→ **Record set**
*** Block opens ***
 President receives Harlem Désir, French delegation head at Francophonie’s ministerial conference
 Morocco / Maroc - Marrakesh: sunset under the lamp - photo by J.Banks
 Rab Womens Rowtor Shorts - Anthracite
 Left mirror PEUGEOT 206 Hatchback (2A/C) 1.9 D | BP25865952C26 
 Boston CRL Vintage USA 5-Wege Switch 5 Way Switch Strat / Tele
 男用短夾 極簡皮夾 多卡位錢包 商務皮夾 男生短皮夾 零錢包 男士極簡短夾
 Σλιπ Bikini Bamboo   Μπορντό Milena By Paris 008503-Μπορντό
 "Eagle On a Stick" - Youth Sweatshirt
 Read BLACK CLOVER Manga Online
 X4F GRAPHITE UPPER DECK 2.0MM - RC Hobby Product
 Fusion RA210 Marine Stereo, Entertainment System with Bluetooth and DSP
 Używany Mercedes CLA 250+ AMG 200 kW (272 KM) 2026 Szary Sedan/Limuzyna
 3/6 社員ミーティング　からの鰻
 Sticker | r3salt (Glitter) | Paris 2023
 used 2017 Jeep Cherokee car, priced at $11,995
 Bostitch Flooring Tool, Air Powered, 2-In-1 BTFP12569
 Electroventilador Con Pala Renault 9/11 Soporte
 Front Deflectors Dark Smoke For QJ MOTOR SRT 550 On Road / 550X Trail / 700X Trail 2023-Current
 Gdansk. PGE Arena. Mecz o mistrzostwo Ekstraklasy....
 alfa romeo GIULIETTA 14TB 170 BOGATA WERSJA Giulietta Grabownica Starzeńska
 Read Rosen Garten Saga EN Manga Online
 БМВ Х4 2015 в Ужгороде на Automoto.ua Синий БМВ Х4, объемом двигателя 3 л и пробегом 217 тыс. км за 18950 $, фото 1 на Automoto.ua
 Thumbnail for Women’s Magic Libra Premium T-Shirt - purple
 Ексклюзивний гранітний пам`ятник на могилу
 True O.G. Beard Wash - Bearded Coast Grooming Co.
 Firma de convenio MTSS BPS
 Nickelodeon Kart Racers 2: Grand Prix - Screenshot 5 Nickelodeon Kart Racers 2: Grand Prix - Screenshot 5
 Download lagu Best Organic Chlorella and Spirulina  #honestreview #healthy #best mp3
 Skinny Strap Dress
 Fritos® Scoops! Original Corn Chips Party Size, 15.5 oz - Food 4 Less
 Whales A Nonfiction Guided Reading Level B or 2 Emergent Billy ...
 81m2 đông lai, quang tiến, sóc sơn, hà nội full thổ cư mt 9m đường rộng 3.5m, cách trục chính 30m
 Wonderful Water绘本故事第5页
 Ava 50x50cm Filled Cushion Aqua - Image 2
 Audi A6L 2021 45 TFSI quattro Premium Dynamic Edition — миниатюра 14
*** Block closes ***
Line by line, restate the data exactly.

→ **Answer section**
 President receives Harlem Désir, French delegation head at Francophonie’s ministerial conference
 Morocco / Maroc - Marrakesh: sunset under the lamp - photo by J.Banks
 Rab Womens Rowtor Shorts - Anthracite
 Left mirror PEUGEOT 206 Hatchback (2A/C) 1.9 D | BP25865952C26 
 Boston CRL Vintage USA 5-Wege Switch 5 Way Switch Strat / Tele
 男用短夾 極簡皮夾 多卡位錢包 商務皮夾 男生短皮夾 零錢包 男士極簡短夾
 Σλιπ Bikini Bamboo   Μπορντό Milena By Paris 008503-Μπορντό
 "Eagle On a Stick" - Youth Sweatshirt
 Read BLACK CLOVER Manga Online
 X4F GRAPHITE UPPER DECK 2.0MM - RC Hobby Product
 Fusion RA210 Marine Stereo, Entertainment System with Bluetooth and DSP
 Używany Mercedes CLA 250+ AMG 200 kW (272 KM) 2026 Szary Sedan/Limuzyna
 3/6 社員ミーティング　からの鰻
 Sticker | r3salt (Glitter) | Paris 2023
 used 2017 Jeep Cherokee car, priced at $11,995
 Bostitch Flooring Tool, Air Powered, 2-In-1 BTFP12569
 Electroventilador Con Pala Renault 9/11 Soporte
 Front Deflectors Dark Smoke For QJ MOTOR SRT 550 On Road / 550X Trail / 700X Trail 2023-Current
 Gdansk. PGE Arena. Mecz o mistrzostwo Ekstraklasy....
 alfa romeo GIULIETTA 14TB 170 BOGATA WERSJA Giulietta Grabownica Starzeńska
 Read Rosen Garten Saga EN Manga Online
 БМВ Х4 2015 в Ужгороде на Automoto.ua Синий БМВ Х4, объемом двигателя 3 л и пробегом 217 тыс. км за 18950 $, фото 1 на Automoto.ua
 Thumbnail for Women’s Magic Libra Premium T-Shirt - purple
 Ексклюзивний гранітний пам`ятник на могилу
 True O.G. Beard Wash - Bearded Coast Grooming Co.
 Firma de convenio MTSS BPS
 Nickelodeon Kart Racers 2: Grand Prix - Screenshot 5 Nickelodeon Kart Racers 2: Grand Prix - Screenshot 5
 Download lagu Best Organic Chlorella and Spirulina  #honestreview #healthy #best mp3
 Skinny Strap Dress
 Fritos® Scoops! Original Corn Chips Party Size, 15.5 oz - Food 4 Less
 Whales A Nonfiction Guided Reading Level B or 2 Emergent Billy ...
 81m2 đông lai, quang tiến, sóc sơn, hà nội full thổ cư mt 9m đường rộng 3.5m, cách trục chính 30m
 Wonderful Water绘本故事第5页
 Ava 50x50cm Filled Cushion Aqua - Image 2
 Audi A6L 2021 45 TFSI quattro Premium Dynamic Edition — миниатюра 14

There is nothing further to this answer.